TASK STATEMENT: Print the entries exactly as they appear, and omit any images.

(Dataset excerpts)
* * * * * * *

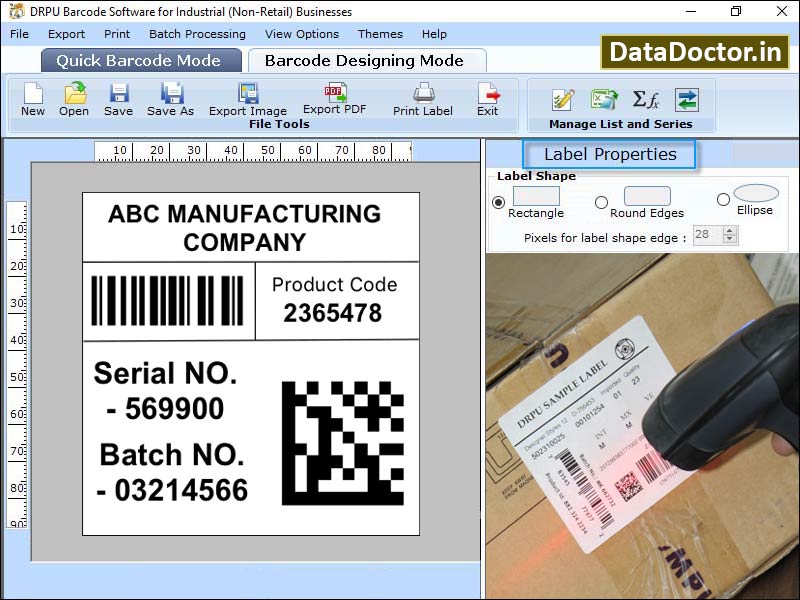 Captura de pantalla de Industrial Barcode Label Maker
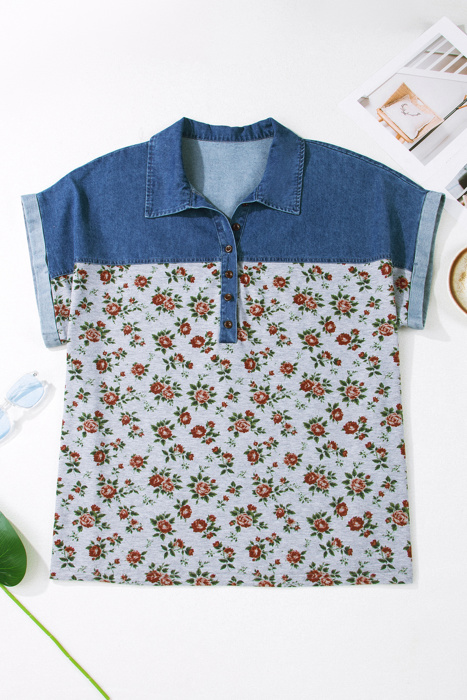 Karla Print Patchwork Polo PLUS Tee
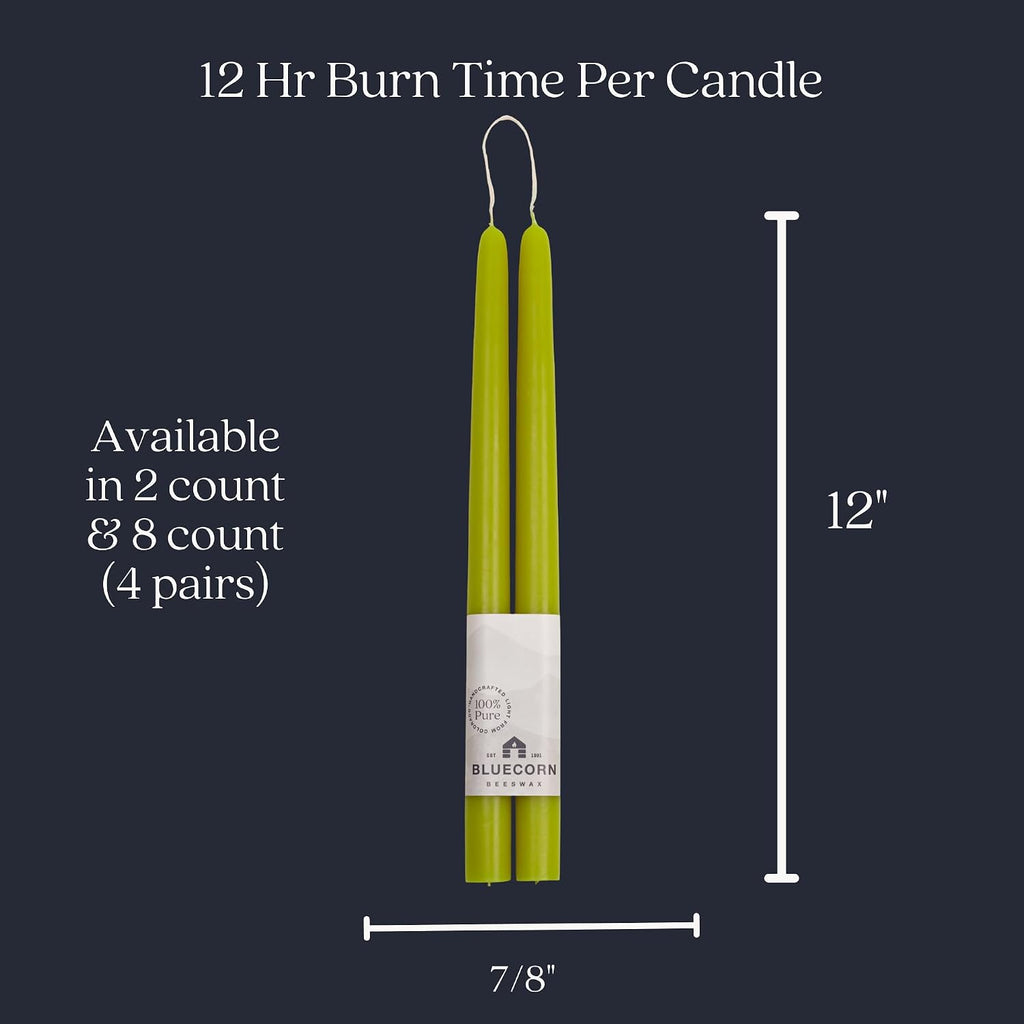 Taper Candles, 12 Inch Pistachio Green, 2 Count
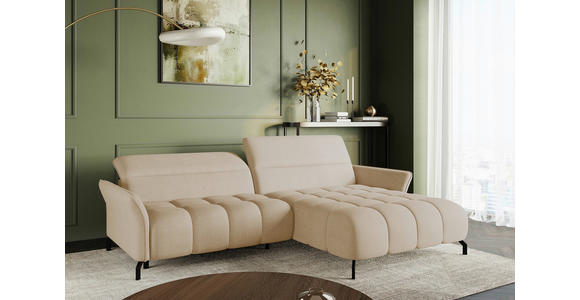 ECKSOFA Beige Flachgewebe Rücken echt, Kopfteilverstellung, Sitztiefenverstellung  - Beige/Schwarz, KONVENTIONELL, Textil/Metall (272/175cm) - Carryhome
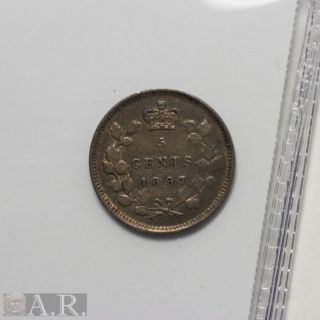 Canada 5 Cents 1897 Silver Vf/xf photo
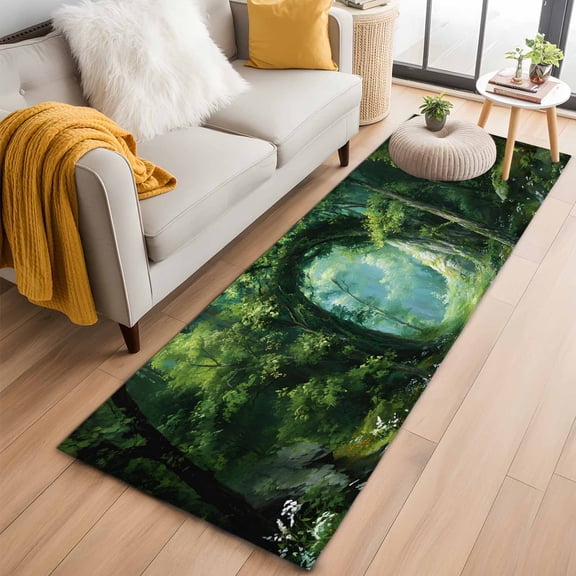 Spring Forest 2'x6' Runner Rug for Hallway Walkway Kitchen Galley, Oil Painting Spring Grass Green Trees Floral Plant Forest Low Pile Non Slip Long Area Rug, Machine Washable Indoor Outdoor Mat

* * * * * * *

THE COMPLETED TASK:
 Captura de pantalla de Industrial Barcode Label Maker
 Karla Print Patchwork Polo PLUS Tee
 Taper Candles, 12 Inch Pistachio Green, 2 Count
 ECKSOFA Beige Flachgewebe Rücken echt, Kopfteilverstellung, Sitztiefenverstellung  - Beige/Schwarz, KONVENTIONELL, Textil/Metall (272/175cm) - Carryhome
 Canada 5 Cents 1897 Silver Vf/xf photo
 Spring Forest 2'x6' Runner Rug for Hallway Walkway Kitchen Galley, Oil Painting Spring Grass Green Trees Floral Plant Forest Low Pile Non Slip Long Area Rug, Machine Washable Indoor Outdoor Mat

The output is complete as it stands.